The proprietor looked over my shoulder as I wrote, staring out through the glass door. He grunted again. I looked up, then back; Caddy Guy was out there, smoking another cigarette, strolling the parking lot and blowing clouds at the sky.

"Friend of yours?" he asked.

"Don't know him," I said.

"Huh." He looked at me, pale eyes bright behind the Einstein glasses. "Saw you with a young fella earlier. Not him?"

"No, not him."

"Where's your young fella,then?"

"Asleep," I said shortly. "Thanks for the info."

"Checkout's at eleven a.m. sharp," he said, and folded up the map with a snap of his wrists and thick rustle of paper. I was right, those eyebrows were just never separating again. He'd have to get out the scissors to cut them apart.

"You oversleep, you got to pay another day."

I wasn't about to oversleep.

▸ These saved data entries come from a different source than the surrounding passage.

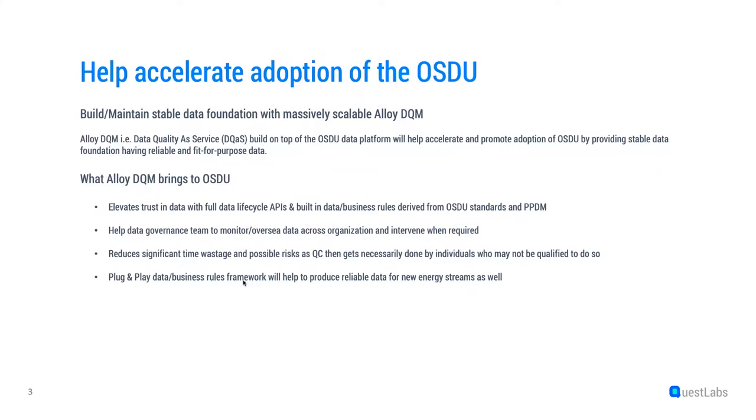Again, data centric and schema being the blueprint, relevant business and data rules can be incorporated easily with our plug-and-play framework to produce reliable data for other streams like wind, solar, CCUS, etc.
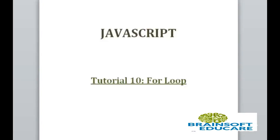Hello friends. Welcome to JavaScript tutorial. In this tutorial we are going to study about the for loop.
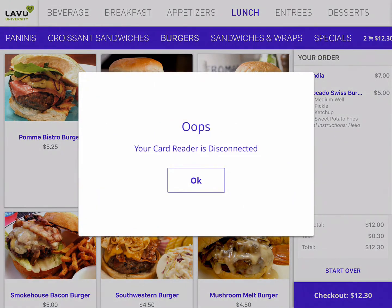I tap Checkout at the bottom of the right-hand side of the screen, and I get an error. This error is by design — I do not have a card reader currently connected to this kiosk. That means that my kiosk will not allow me to advance to the checkout screen and will notify me that I need to seek assistance.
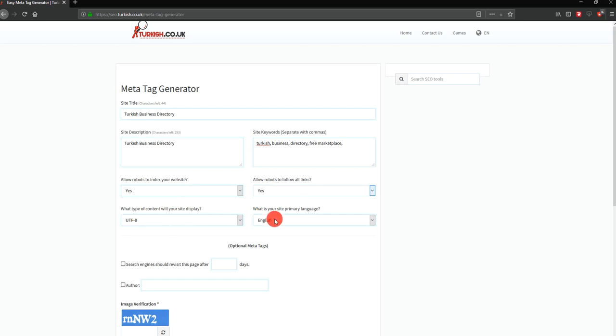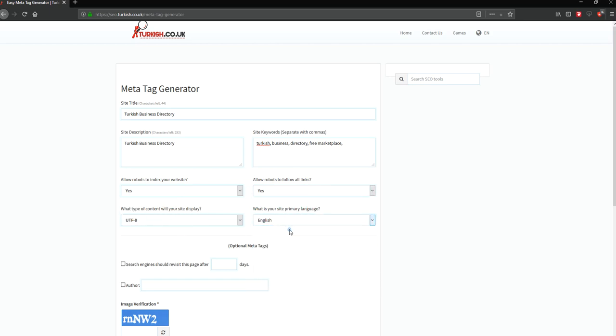We are using primary language as English. We can change it. How many times you can revisit your website? Let's say 15 days. After that, you can use it.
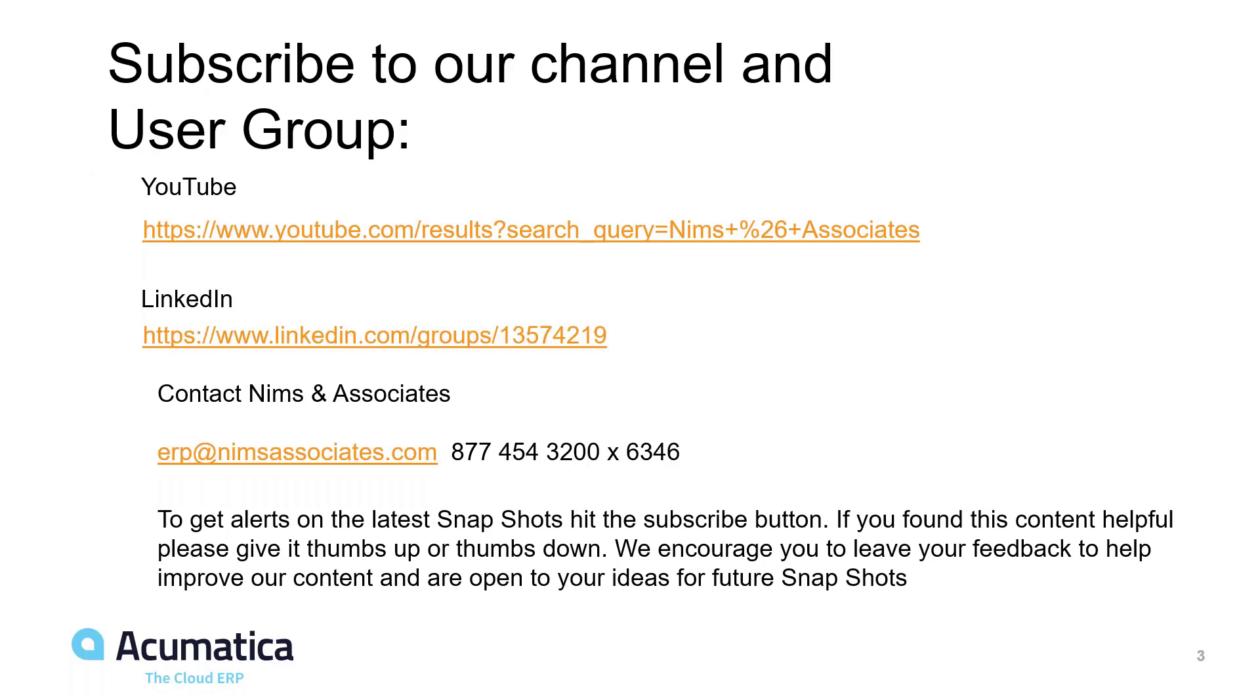If you have any questions or comments, you can send them to erp at nimsassociates.com or call the phone number listed. We really appreciate your time and thank you for joining us today.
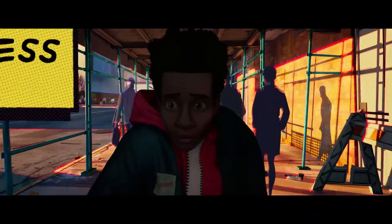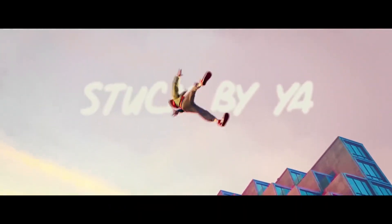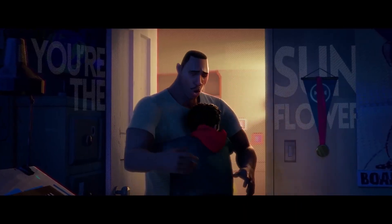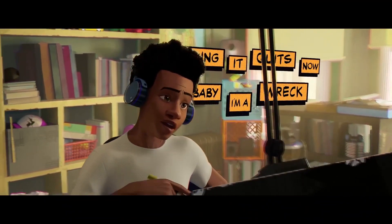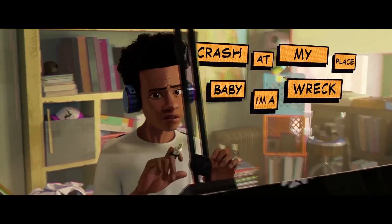Ever wondered how characters in animated films are animated? Have you ever wanted to create an animated character of your own? Well, before you can animate a character, you need to really rig it.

I could feel my body craving rest, but it'd have to get by; no way was I going to shut my eyes at this point. Not with blood-dripping-guy stalking the parking lot, and Slightly Creepy Einstein in here watching my every move.

I missed David.

I left the office and avoided my fellow motel visitor on my way back to my room.

I unlocked the door quickly with the chunky old-fashioned key, locked it behind me with the push-in lock and the deadbolt and the slide chain, checked the drapes to make sure they were fully closed, and sat on the cold, empty bed with my legs crossed.

I drifted up on the aetheric and sent out a wordless call along the shining silver strand that bound me to David, or David to me, or both of us to the other. I felt it zip away, stretching off into the distance … far, far away.

Wherever he'd gone, it wasn't just distant in terms of geography. I felt a pulse of reassurance along the link, something along the lines of I hear you, back as soon as I can. Nothing clearer than that.

I meditated until my back got sore, and then braced myself against the headboard and picked up the book David had left behind. I'd always liked Spenser, and the clean, crisp rhythm of Parker's words.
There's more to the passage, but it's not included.